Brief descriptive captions
--- --- ---
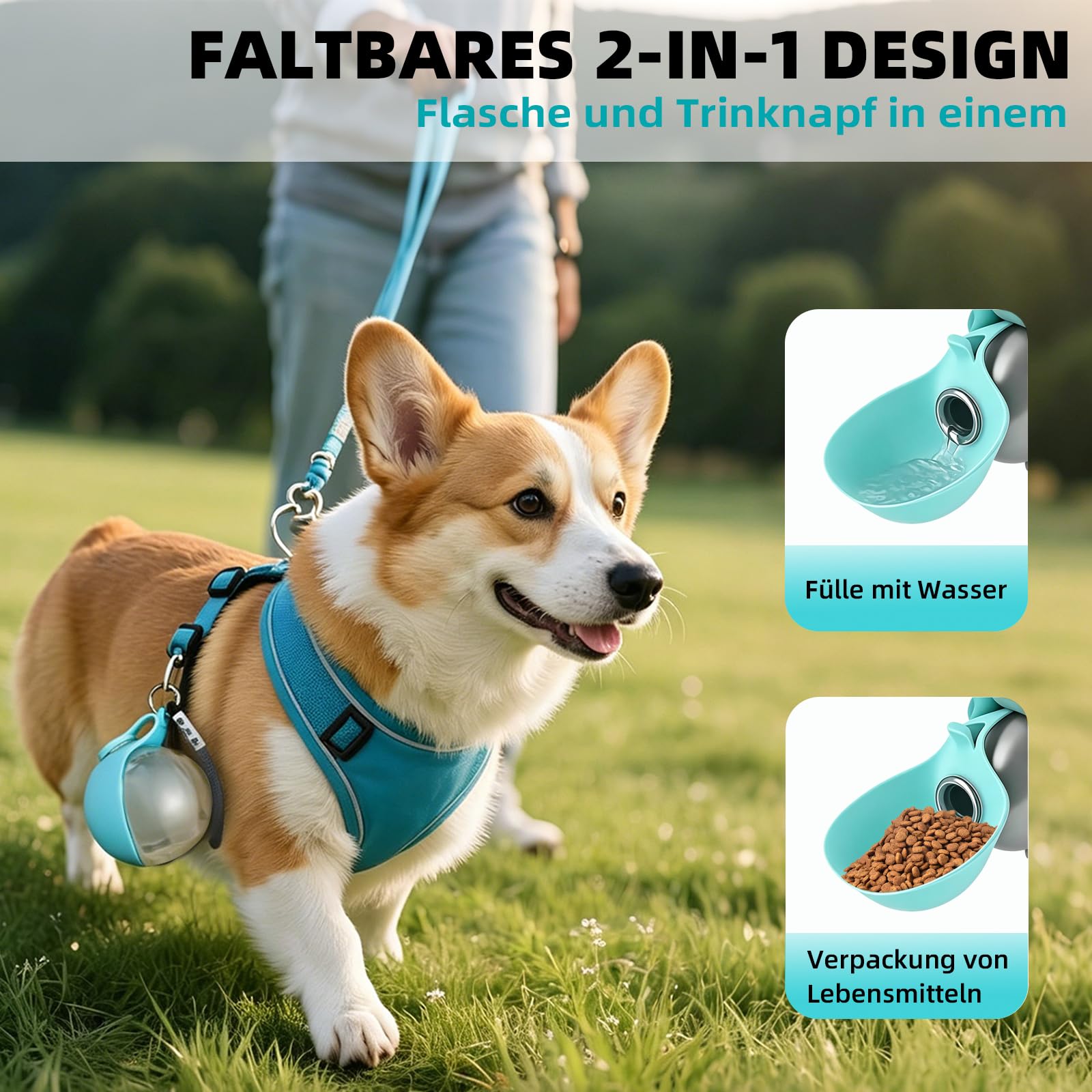 Gourde d'eau pour chien en déplacement 285ml, Bouteille d'eau en acier inoxydable avec système anti-retour, Gamelle pliable en silicone pour chien, Bouteille d'eau pour chien à emporter pour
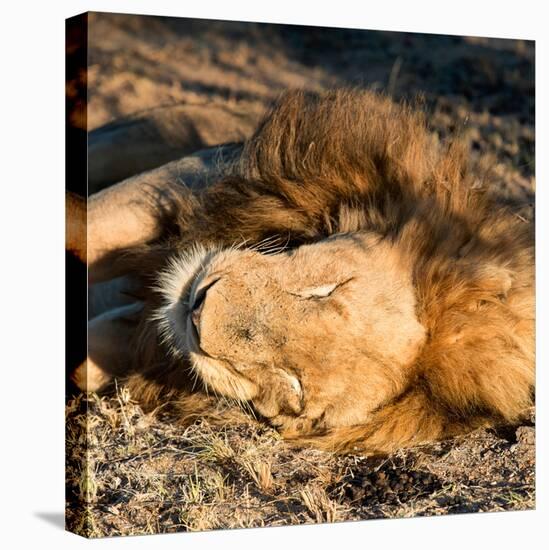 Awesome South Africa Collection Square - Lion sleeping at Sunset II-Philippe Hugonnard-Stretched Canvas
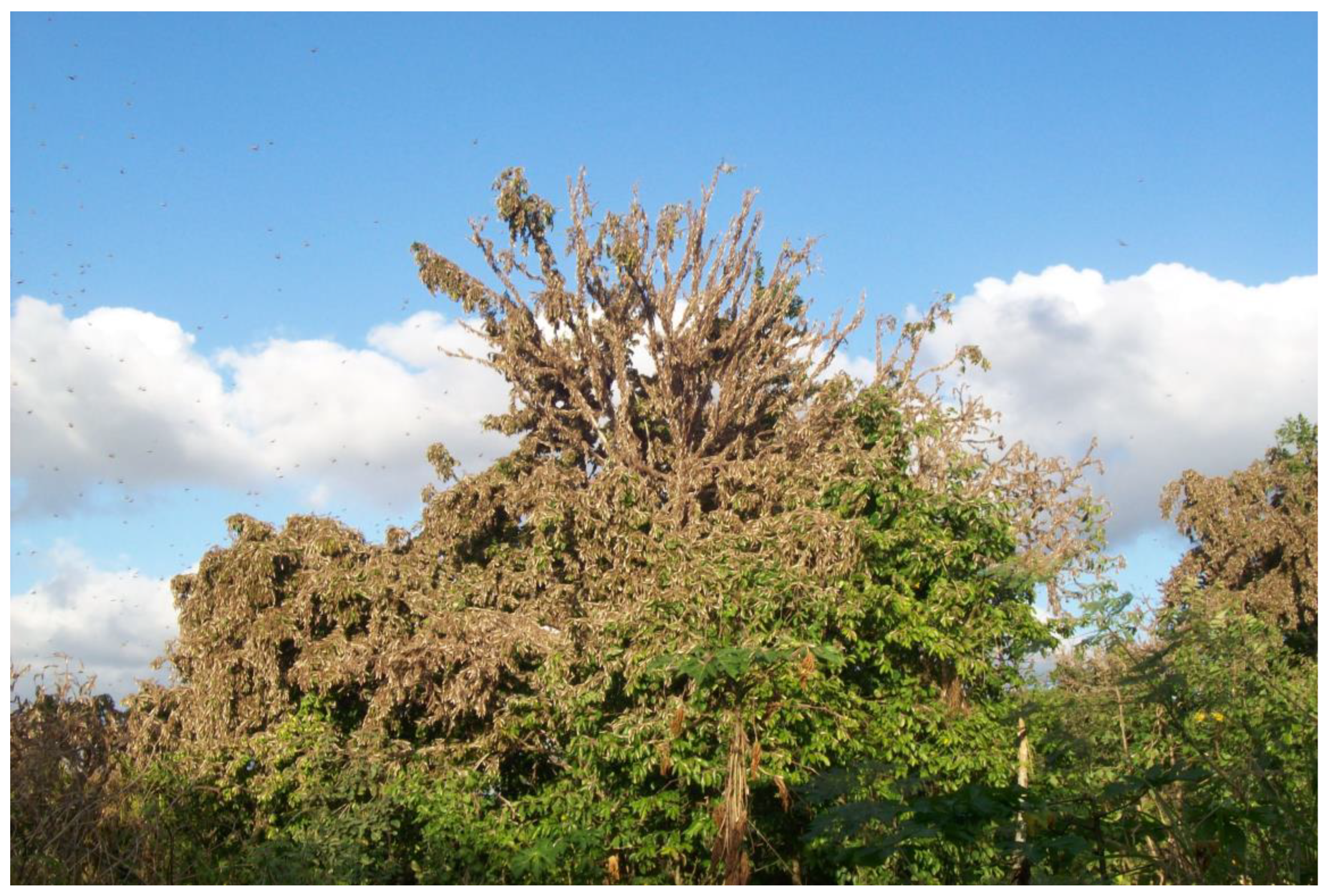 Agronomy 14 02369 g004 Agronomy 14 02369 g004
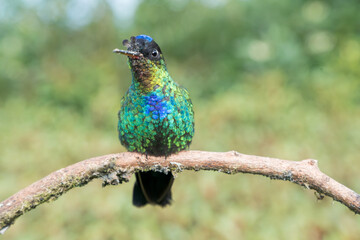 Colorful endemic Fiery-throated Hummingbird (Panterpe insignis) in Costa Rica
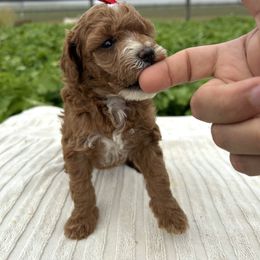 Anna - Red  female Goldendoodle puppy in Mint Hill, North Carolina from DoodleForever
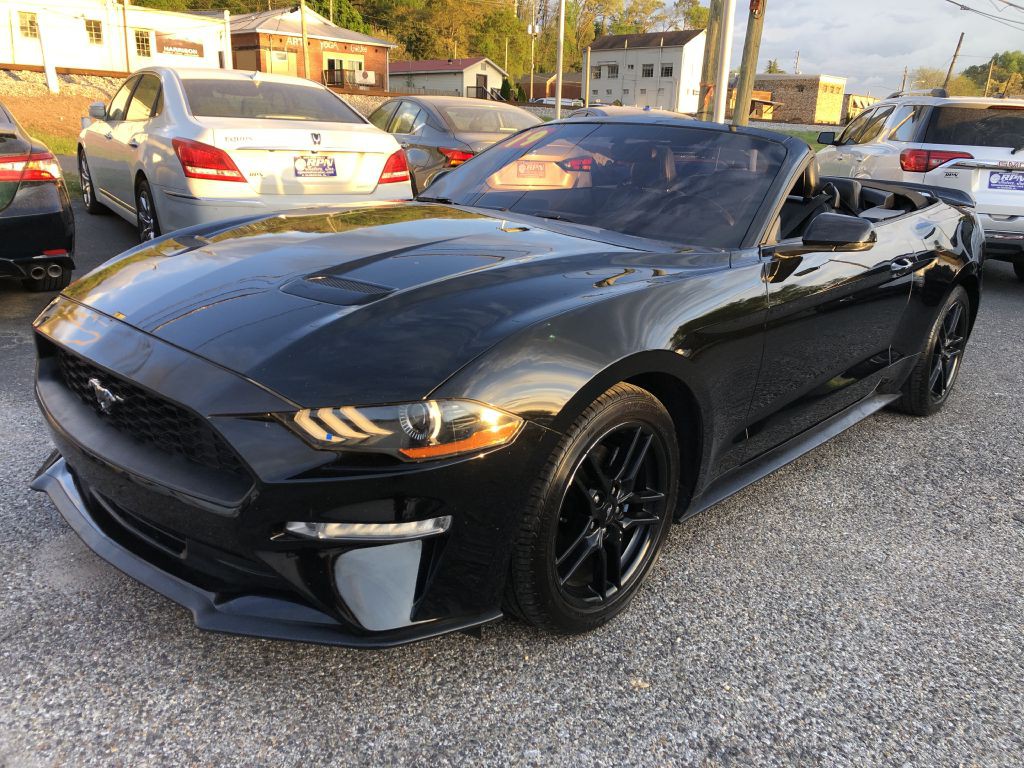 2019 Ford Mustang Image 3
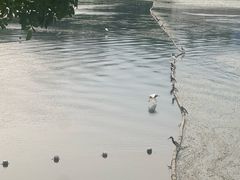 -南宁南湖公园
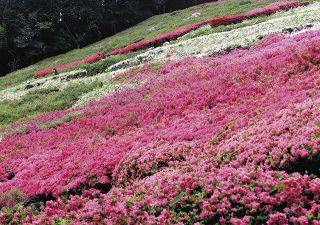 咲き誇るツツジ見頃　熱海・姫の沢公園　8日まで花まつり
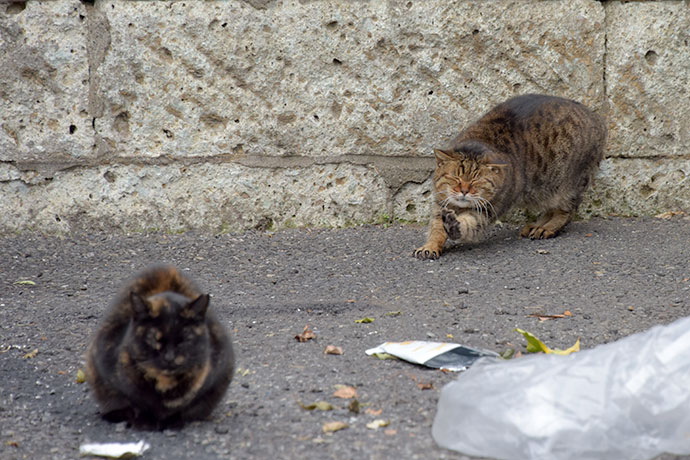 街のねこたち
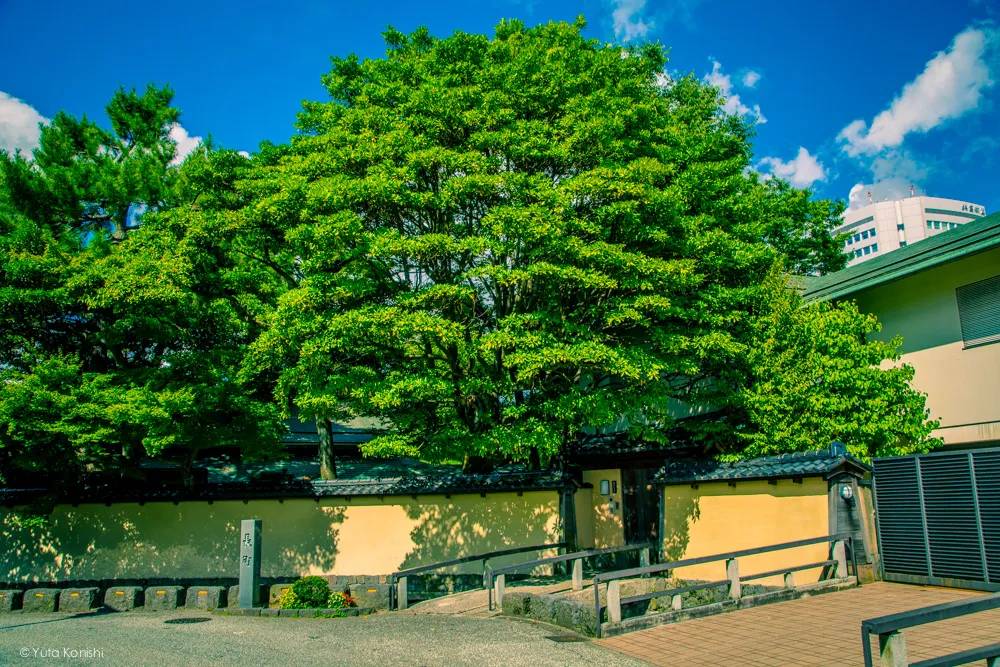 金沢観光の決定版「まちのり」で金沢を一日で制覇する完全マニュアル!金沢駅まちのり 武家屋敷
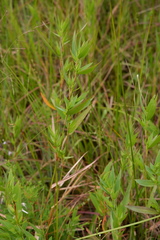 Dichanthelium scabriusculum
--- --- ---
Could you set down, exactly as written, every line from the start of the records above through the line containing "Awesome South Africa", leaving the pictures out?

▶ [SOLUTION FOR THIS EXERCISE]
 Gourde d'eau pour chien en déplacement 285ml, Bouteille d'eau en acier inoxydable avec système anti-retour, Gamelle pliable en silicone pour chien, Bouteille d'eau pour chien à emporter pour
 Awesome South Africa Collection Square - Lion sleeping at Sunset II-Philippe Hugonnard-Stretched Canvas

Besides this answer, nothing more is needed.